Dans tous les cas, la période a obligé chacun à se poser des questions fondamentales et à établir des critères explicites d’évaluation.

Je me pose beaucoup de questions sur l’évaluation de la partie orale, sur la partie écrite (rédaction, exercices divers) je me suis donnée plus de règles et de critères qu’avant.

Les modes d’évaluation choisis par les enseignants ou imposés par les institutions ont donc été fortement interrogés à cette occasion. Selon que l’on privilégiait l’évaluation formative ou l’évaluation sommative, les constats ne sont pas les mêmes.

“Pas de changement. Les grilles d’évaluation (ou d’observation) que j’utilise sont les mêmes à distance ou en présentiel.”

“Beaucoup, il a fallu repenser ma façon d’évaluer et l’adapter (privilégier l’évaluation par projet, l’auto-évaluation, l’évaluation par les pairs )”

Évaluer c’est aussi rassurer

Ainsi a-t-on beaucoup insisté sur la dimension structurante et affective de l’évaluation : La bienveillance, le refus de sévérité sont souvent invoqués. 

“On est obligé d’être plus indulgents dans certains cas (impossibilité de faire tout le travail demandé faute de connexion ou de conditions de travail difficiles) et plus durs dans d’autres quand on pense qu’ils se sont fait aider (traduction sur Google, etc…)”

Cependant certains enseignants déplorent une perte de maîtrise sur la classe et appréhendent avec méfiance les outils en ligne.

Je ressens un besoin d’être plus stricte, car notre visualisation et notre confiance dans l’être humain sont dégradées par l’usage des technologies nouvelles.”

C’est tout l’édifice construit par des habitudes pédagogiques qui s’est trouvé ébranlé, et la faiblesse du système de notation plus ou moins arbitraire est apparue à bon nombre d’enseignants. Ainsi des questions essentielles en didactique des langues font-elle ici retour.

“Quelles compétences évaluer sans le corps ? “

Changement car manque le paraverbal ( gestes, déplacement de l’élève, regard, posture…) bref, la communication non verbale, très importante en langue.”

Pourtant, sans le corps, bon nombre de certifications en langues sont plébiscitées par les écoles, faut-il le rappeler, et une grande partie des formations linguistiques appelle à développer et à évaluer des compétences plus cognitives, qui engagent très peu la gestuelle, ce qu’on appelle l’interaction interculturelle, l’empathie ou la présence personnelle globale.
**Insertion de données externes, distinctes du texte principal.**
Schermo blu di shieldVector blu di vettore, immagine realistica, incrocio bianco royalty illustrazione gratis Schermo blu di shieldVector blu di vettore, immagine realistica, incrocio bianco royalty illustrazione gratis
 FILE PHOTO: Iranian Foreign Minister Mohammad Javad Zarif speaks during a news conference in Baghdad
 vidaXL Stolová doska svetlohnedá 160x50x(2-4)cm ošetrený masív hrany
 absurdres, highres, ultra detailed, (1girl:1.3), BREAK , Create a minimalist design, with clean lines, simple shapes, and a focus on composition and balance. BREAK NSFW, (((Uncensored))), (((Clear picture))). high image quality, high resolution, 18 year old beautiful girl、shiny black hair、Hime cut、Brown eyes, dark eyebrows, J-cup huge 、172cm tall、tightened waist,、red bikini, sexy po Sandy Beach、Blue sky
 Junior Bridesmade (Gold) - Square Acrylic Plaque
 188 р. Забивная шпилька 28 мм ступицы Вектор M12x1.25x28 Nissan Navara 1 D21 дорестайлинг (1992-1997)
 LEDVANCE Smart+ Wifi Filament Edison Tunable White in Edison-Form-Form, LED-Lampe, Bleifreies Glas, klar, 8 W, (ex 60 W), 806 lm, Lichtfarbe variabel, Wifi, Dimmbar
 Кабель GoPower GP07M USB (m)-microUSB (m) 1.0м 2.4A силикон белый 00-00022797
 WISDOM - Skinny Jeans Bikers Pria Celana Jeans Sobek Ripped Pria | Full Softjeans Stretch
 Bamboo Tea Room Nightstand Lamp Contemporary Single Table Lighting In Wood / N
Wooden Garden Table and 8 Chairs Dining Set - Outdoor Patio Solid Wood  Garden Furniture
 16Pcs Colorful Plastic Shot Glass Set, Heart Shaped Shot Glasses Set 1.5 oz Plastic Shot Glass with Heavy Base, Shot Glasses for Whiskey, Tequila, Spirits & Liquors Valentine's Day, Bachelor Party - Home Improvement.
Pourquoi cet élément, au cœur de l’échange dans une langue étrangère, se manifeste-t-il justement lorsqu’il manque ?  Et surtout, pourquoi des outils comme la visioconférence en sont-ils rendus responsables ? Ne serait-ce pas le manque d’expérience qui crée des limitations sur les potentialités des outils ?  Bon nombre de joueurs vidéos en ligne sont parfaitement capables de “communiquer” avec une qualité de présence intense, de sentir les partenaires, d’anticiper sur les comportements dans un groupe.

Rien n’a changé, si ce n’est que la compétence “CONVERSER”, qui exige de l’interaction à plusieurs, ne peut pas être évaluée dans les conditions actuelles.”

Avec un peu plus de temps et de formation, il est sans doute possible d’évaluer toutes les compétences avec autant de “fiabilité” qu’en présentiel. Les compétences d’interaction sont-elles si difficiles à dégager lors d’une séance de visio ? Si les échanges se passent entre pairs et si l’enseignant est dans une posture de spectateur, d’accompagnateur,  il n’est pas interdit de le penser.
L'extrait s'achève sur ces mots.